Y esa incompleta e interesada confesión de Romero llevó, al menos, a que la madre de Rosana tuviese unos restos que enterrar. En el fondo de un pozo, a unos cinco kilómetros del lugar en el que desapareció, los geos encontraron los restos de Rosana, un esqueleto que fue cuidadosamente recompuesto y que fue identificado como el de la joven estudiante. El propio Gustavo Romero Tercero llevó a la policía hasta el lugar, que recordaba perfectamente. De hecho, él mismo insistió a los agentes cuando en una primera inspección no parecía haber nada.

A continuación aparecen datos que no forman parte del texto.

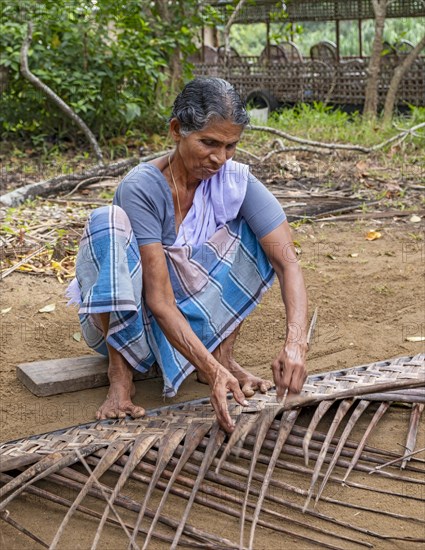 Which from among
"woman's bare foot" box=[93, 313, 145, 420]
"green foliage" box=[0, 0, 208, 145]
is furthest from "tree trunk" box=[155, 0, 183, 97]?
"woman's bare foot" box=[93, 313, 145, 420]

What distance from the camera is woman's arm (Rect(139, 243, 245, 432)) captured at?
85.9 inches

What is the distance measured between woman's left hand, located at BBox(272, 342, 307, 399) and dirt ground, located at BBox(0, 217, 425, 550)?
320mm

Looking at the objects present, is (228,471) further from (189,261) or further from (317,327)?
(317,327)

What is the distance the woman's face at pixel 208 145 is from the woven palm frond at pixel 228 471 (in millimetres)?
760

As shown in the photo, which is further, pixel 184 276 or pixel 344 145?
pixel 344 145

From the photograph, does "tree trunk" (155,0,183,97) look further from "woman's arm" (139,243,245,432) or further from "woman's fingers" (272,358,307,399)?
"woman's fingers" (272,358,307,399)

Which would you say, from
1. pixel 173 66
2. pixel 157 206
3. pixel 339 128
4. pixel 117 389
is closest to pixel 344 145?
pixel 339 128

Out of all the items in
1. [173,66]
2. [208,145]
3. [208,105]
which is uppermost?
[208,105]

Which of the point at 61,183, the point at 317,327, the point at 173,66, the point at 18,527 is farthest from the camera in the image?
the point at 173,66

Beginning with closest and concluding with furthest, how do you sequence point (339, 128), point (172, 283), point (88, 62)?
point (172, 283), point (88, 62), point (339, 128)

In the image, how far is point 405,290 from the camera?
12.9 feet

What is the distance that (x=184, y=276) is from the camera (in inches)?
106

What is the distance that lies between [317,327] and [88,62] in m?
4.66

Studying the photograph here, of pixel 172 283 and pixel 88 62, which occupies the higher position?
pixel 88 62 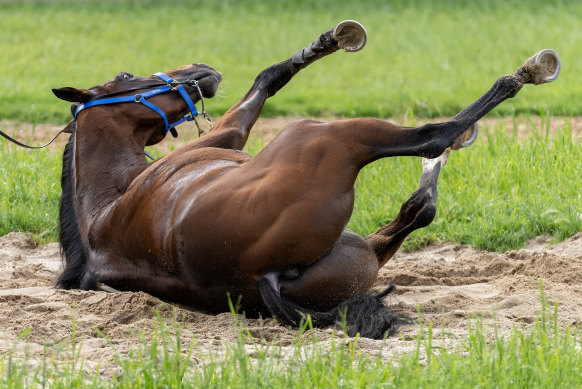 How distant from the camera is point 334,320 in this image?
3.98 metres

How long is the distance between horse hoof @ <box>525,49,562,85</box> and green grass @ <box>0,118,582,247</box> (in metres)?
1.21

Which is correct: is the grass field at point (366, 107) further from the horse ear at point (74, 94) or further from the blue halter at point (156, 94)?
the horse ear at point (74, 94)

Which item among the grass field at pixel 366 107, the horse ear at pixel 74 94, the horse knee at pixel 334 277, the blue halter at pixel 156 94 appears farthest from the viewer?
Result: the blue halter at pixel 156 94

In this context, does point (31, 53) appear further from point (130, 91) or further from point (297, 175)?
point (297, 175)

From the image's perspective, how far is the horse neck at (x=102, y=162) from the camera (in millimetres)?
4832

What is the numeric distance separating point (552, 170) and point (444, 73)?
18.9 ft

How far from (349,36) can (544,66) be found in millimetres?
1070

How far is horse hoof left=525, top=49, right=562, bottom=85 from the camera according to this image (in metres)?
4.58

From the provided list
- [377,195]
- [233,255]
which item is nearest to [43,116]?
[377,195]

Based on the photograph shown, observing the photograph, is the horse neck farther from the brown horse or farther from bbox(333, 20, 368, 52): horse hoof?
bbox(333, 20, 368, 52): horse hoof

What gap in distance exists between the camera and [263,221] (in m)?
3.88

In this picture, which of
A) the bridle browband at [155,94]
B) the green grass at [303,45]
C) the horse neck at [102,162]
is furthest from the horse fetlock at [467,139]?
the green grass at [303,45]

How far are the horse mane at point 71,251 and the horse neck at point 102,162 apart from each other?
7 centimetres

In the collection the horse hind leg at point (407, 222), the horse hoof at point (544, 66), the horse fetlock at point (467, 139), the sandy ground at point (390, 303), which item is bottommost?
the sandy ground at point (390, 303)
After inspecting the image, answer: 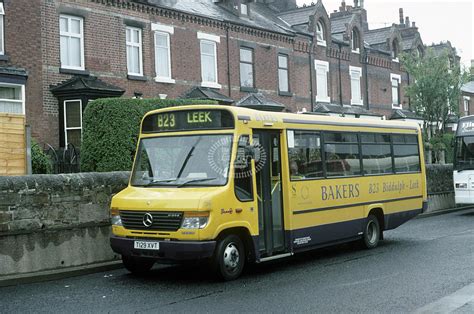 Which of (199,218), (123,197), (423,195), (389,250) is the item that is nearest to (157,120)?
(123,197)

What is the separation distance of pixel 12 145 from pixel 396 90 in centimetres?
3351

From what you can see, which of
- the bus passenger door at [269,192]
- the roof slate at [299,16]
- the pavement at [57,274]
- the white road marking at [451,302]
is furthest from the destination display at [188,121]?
the roof slate at [299,16]

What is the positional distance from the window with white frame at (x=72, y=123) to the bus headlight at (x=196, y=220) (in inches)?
544

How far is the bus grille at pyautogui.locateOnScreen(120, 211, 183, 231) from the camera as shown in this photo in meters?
9.01

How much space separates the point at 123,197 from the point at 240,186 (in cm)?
186

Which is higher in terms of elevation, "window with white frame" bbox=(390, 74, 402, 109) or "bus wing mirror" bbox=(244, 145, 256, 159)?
"window with white frame" bbox=(390, 74, 402, 109)

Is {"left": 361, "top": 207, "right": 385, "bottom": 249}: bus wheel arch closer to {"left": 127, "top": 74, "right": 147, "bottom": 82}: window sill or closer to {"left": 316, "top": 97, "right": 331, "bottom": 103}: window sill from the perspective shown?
{"left": 127, "top": 74, "right": 147, "bottom": 82}: window sill

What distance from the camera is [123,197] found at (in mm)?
9719

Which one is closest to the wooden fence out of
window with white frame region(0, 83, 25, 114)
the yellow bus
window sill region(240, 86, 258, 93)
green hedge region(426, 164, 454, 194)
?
the yellow bus

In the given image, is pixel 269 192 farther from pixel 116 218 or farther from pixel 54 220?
pixel 54 220

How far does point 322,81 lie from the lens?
114ft

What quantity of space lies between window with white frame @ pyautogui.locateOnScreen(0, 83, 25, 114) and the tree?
1787 cm

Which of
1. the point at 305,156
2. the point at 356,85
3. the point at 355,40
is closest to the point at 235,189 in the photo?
the point at 305,156

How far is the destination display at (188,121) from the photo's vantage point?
32.1ft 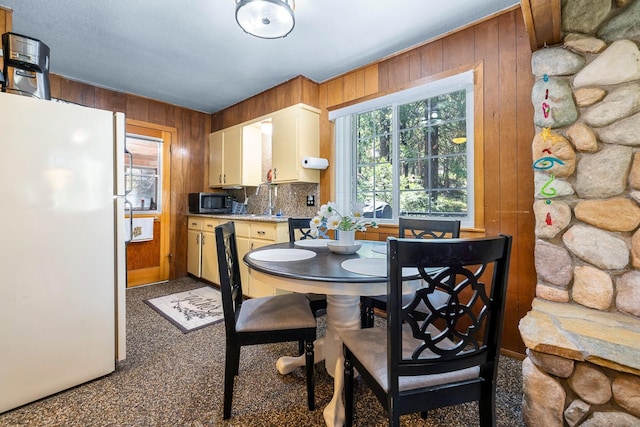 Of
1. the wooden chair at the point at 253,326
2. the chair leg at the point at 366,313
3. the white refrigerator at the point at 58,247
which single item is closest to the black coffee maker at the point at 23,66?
the white refrigerator at the point at 58,247

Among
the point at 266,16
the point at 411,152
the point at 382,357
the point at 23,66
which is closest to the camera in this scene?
the point at 382,357

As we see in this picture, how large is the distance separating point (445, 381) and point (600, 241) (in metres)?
1.25

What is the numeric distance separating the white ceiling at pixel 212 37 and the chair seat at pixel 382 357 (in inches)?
83.2

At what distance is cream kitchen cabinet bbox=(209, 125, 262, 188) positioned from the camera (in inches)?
150

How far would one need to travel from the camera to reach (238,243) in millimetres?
3322

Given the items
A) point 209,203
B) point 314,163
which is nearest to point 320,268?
point 314,163

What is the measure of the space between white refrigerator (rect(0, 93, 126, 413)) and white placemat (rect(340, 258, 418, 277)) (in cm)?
146

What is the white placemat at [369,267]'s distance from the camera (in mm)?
1275

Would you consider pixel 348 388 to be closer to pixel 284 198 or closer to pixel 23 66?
pixel 23 66

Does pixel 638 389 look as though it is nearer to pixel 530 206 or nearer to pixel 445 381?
pixel 445 381

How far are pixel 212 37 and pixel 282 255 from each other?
1970 millimetres

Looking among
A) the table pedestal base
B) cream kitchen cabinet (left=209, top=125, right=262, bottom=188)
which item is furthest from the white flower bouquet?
cream kitchen cabinet (left=209, top=125, right=262, bottom=188)

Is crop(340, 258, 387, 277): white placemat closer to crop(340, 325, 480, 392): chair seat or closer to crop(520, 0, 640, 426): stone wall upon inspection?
crop(340, 325, 480, 392): chair seat

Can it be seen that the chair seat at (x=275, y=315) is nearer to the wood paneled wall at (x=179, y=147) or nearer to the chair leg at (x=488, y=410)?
the chair leg at (x=488, y=410) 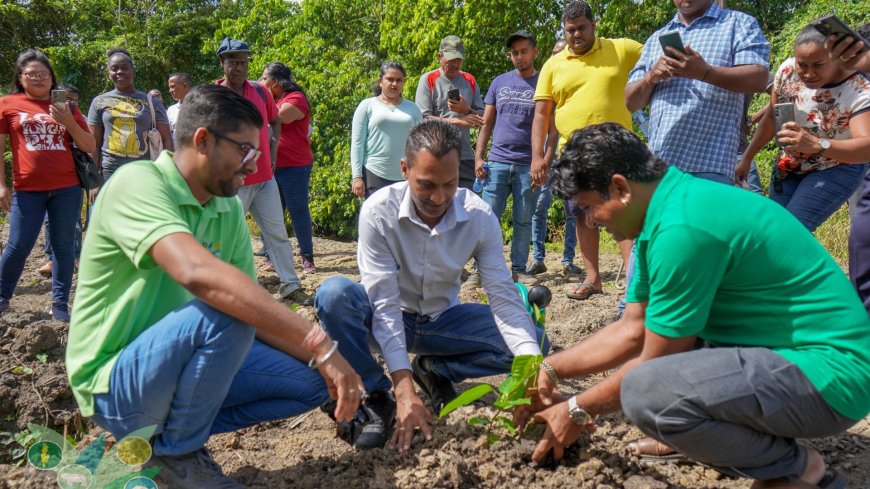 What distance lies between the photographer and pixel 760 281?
2.15 metres

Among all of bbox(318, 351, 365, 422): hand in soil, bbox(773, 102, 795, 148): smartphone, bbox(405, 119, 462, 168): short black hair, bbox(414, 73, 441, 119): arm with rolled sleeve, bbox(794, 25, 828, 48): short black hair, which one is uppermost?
bbox(794, 25, 828, 48): short black hair

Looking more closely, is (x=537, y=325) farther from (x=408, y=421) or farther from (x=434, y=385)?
(x=408, y=421)

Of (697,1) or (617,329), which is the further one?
(697,1)

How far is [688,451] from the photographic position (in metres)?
2.26

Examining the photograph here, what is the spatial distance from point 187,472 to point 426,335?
126 centimetres

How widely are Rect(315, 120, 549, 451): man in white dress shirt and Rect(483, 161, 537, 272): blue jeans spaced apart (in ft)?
8.77

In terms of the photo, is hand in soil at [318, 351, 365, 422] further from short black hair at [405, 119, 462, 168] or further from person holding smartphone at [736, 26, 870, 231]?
person holding smartphone at [736, 26, 870, 231]

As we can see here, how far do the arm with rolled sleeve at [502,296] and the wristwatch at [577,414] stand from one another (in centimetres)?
46

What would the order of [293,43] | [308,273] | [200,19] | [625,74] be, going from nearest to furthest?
[625,74] < [308,273] < [293,43] < [200,19]

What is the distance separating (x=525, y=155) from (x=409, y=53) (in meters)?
6.16

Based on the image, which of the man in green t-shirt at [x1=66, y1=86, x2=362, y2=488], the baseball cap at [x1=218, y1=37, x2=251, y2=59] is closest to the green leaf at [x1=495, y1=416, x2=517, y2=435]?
the man in green t-shirt at [x1=66, y1=86, x2=362, y2=488]

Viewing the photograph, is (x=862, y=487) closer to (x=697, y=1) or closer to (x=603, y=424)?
(x=603, y=424)

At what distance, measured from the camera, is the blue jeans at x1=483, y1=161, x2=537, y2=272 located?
595 centimetres

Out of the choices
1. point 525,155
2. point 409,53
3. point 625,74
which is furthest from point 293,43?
point 625,74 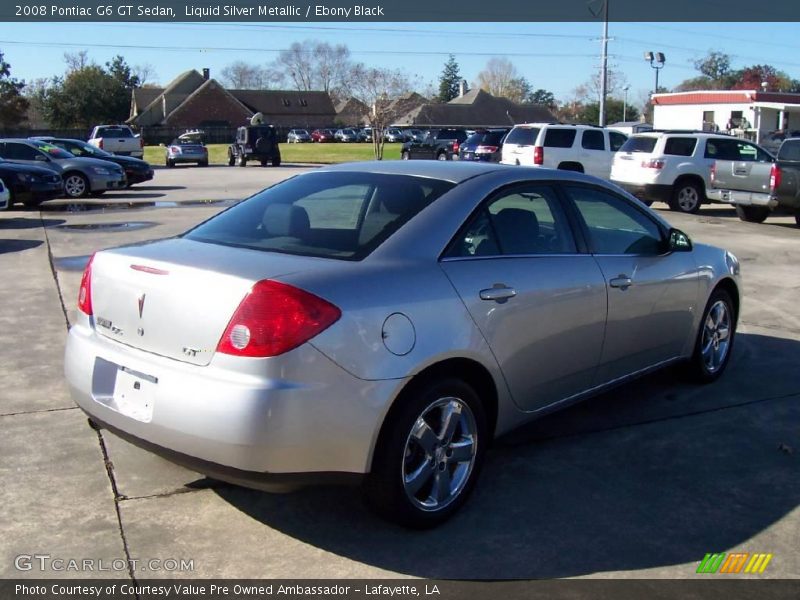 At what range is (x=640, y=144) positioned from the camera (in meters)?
18.9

Fue la vanidad que comparten muchos asesinos, lo que llevó a Romero a reconocer el asesinato de Rosana. Quien ha conocido a Gustavo Romero en prisión dice que es un tipo seductor, encantador, con un magnetismo enorme, pero también coinciden en que es un psicópata de manual. Alguien nos lo definió hace poco como nuestro Ted Bundy, en referencia al asesino de, al menos, 36 mujeres en varios estados de Estados Unidos, un tipo lleno de encanto pero despiadado como pocos. Gustavo Romero supo que se iba a convertir en una celebridad y tres meses después de ser acusado de las tres muertes, hizo llegar, a través de sus abogados, una carta a las familias de sus víctimas.

Leemos textualmente: "la condena que pueda cumplir nunca será suficiente para hacer justicia". En las 24 líneas de esta misiva Gustavo Romero indica que "en lo más profundo de mi alma quisiera pedirles perdón por todo ese daño y transmitirles mis deseos de cumplir la condena que me sea impuesta con todo lo que ello conlleva" y que "ojalá pudiese cambiar todo cuanto hice ya que ni yo, que soy el autor, acepto tanto dolor y me imagino que el odio que tienen hacia mí es enorme". La carta acababa: "A Ángel, Sara y Rosana, de todo corazón, lo siento muchísimo. Perdonadme".

Fue condenado a 103 años en un juicio en el que dio muestra de un cinismo increíble. Llegó a decir: “matar a Rosana no fue fácil, sobre todo por las dificultades morales".